- [EXERCISE DESCRIPTION]: Set out word for word the line that contains "Cherry blossom tree" and each line after it, through the end of the data below, but exclude the pictures.

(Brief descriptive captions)

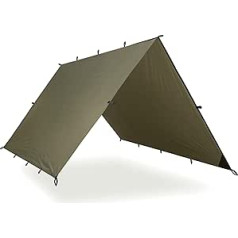 Aqua Quest Safari tent tarpaulin - 100% waterproof, lightweight SilNylon Bushcraft camping shelter - 3 x 2.1 m, 3 x 3 m, 4 x 3 m, 4.5 x 4.5 m, or 6 x 4 m brown olive, grey, green, true terrain camo, boulder camo or woodland camo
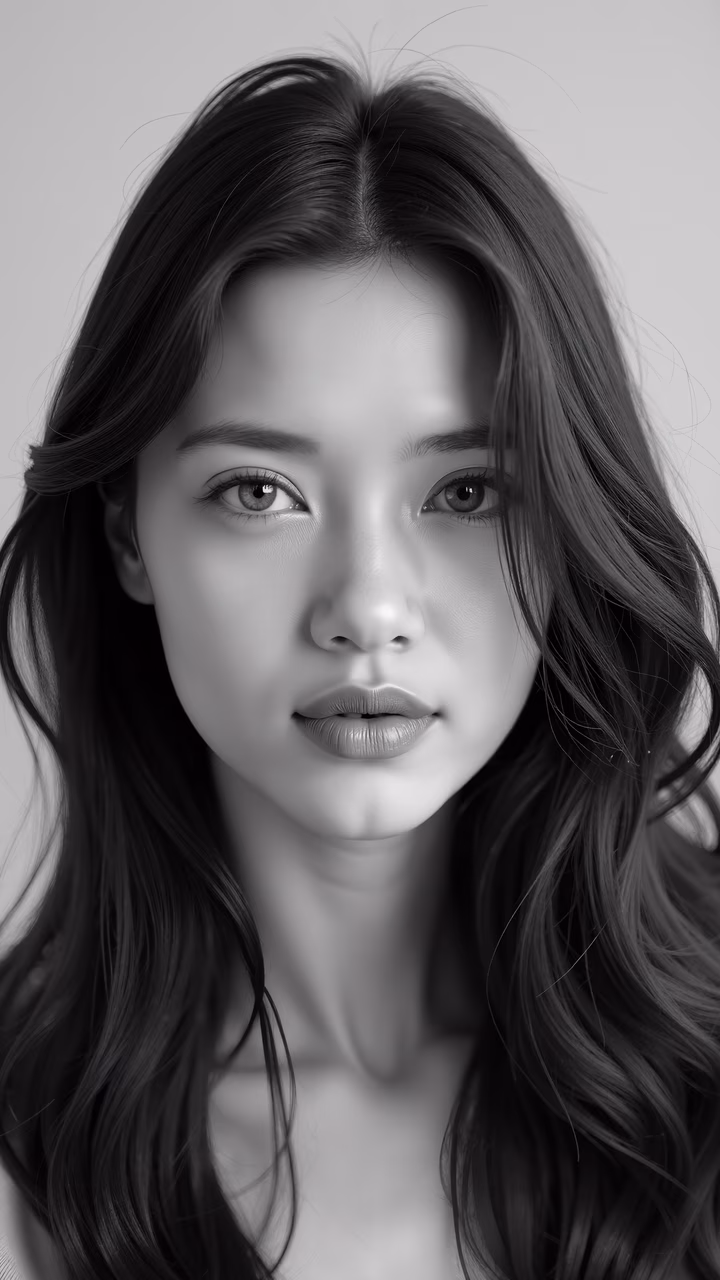 A striking black and white portrait with soft lighting and detailed textures.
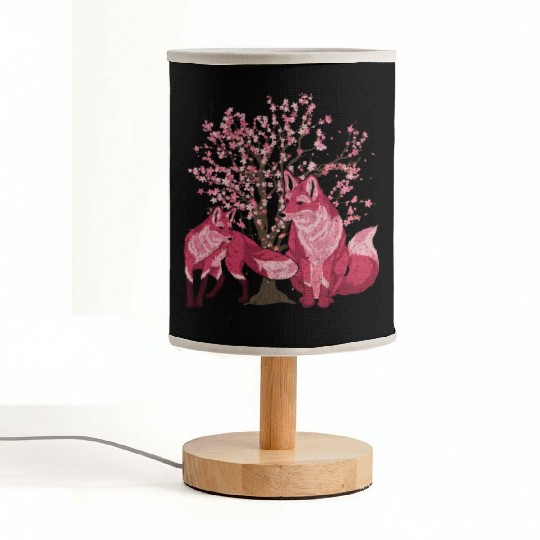 Cherry blossom tree forest animal gift sakura fox Fabric Lamps
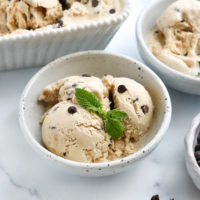 vegan mint ice cream in two bowls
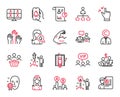 Vector Set of People icons related to Court judge, Management and Copyrighter. Vector Royalty Free Stock Photo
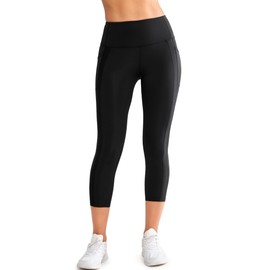 Yvette Capri Leggings with Pockets for Women Tummy Control Workout Leggings High Waisted Butt Lifting Running Tights, Black,XL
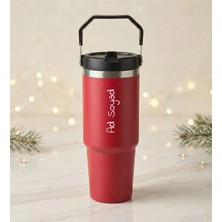 vegahediye v vega Kişiye Özel Isim Baskılı 900 Ml. Pipetli Kırmızı Çelik Termos Hediyelik Termos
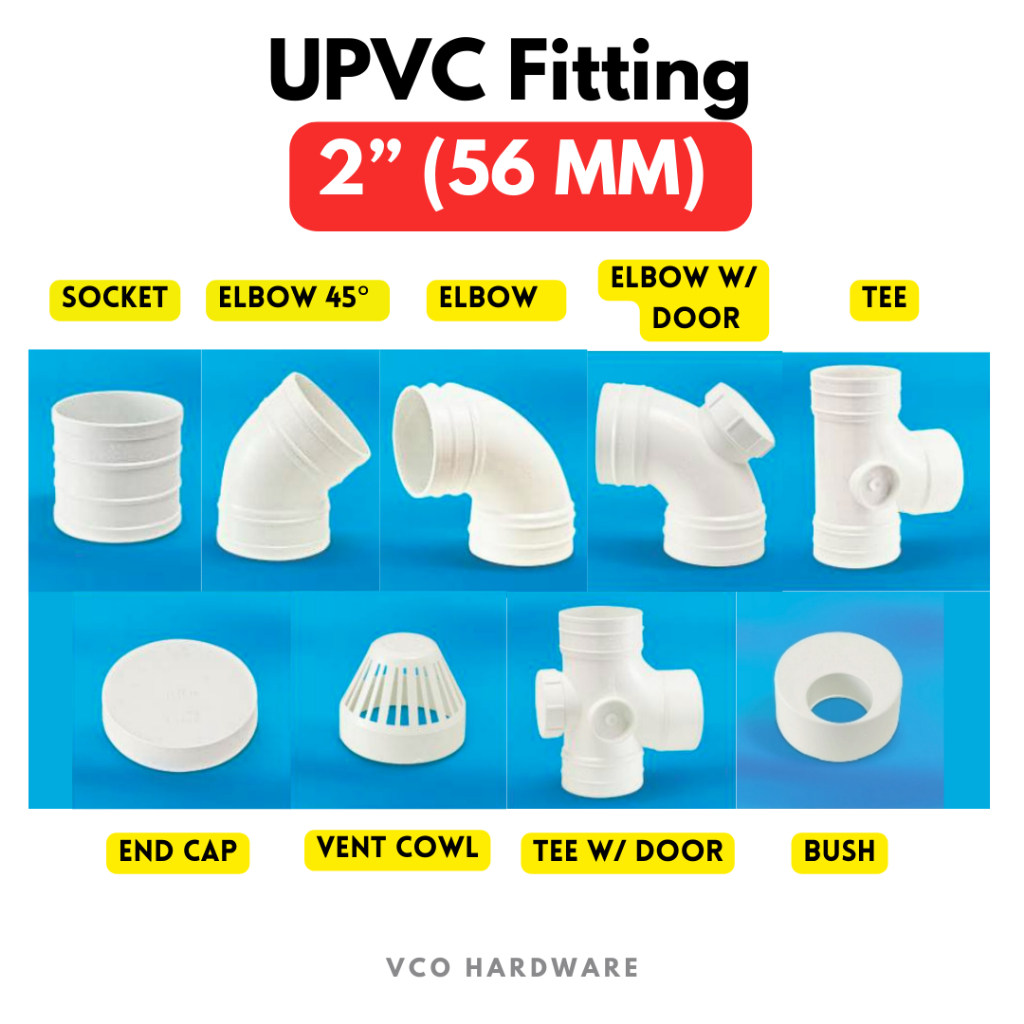 [ 2" / 56 MM ] อุปกรณ์ท่อ UPVC ขั้วต่อท่อ UPVC สีขาว/Pemyambung Paip Putih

- [WRITTEN REPLY]:
 Cherry blossom tree forest animal gift sakura fox Fabric Lamps
 vegan mint ice cream in two bowls
 Vector Set of People icons related to Court judge, Management and Copyrighter. Vector Royalty Free Stock Photo
 Yvette Capri Leggings with Pockets for Women Tummy Control Workout Leggings High Waisted Butt Lifting Running Tights, Black,XL
 vegahediye v vega Kişiye Özel Isim Baskılı 900 Ml. Pipetli Kırmızı Çelik Termos Hediyelik Termos
 [ 2" / 56 MM ] อุปกรณ์ท่อ UPVC ขั้วต่อท่อ UPVC สีขาว/Pemyambung Paip Putih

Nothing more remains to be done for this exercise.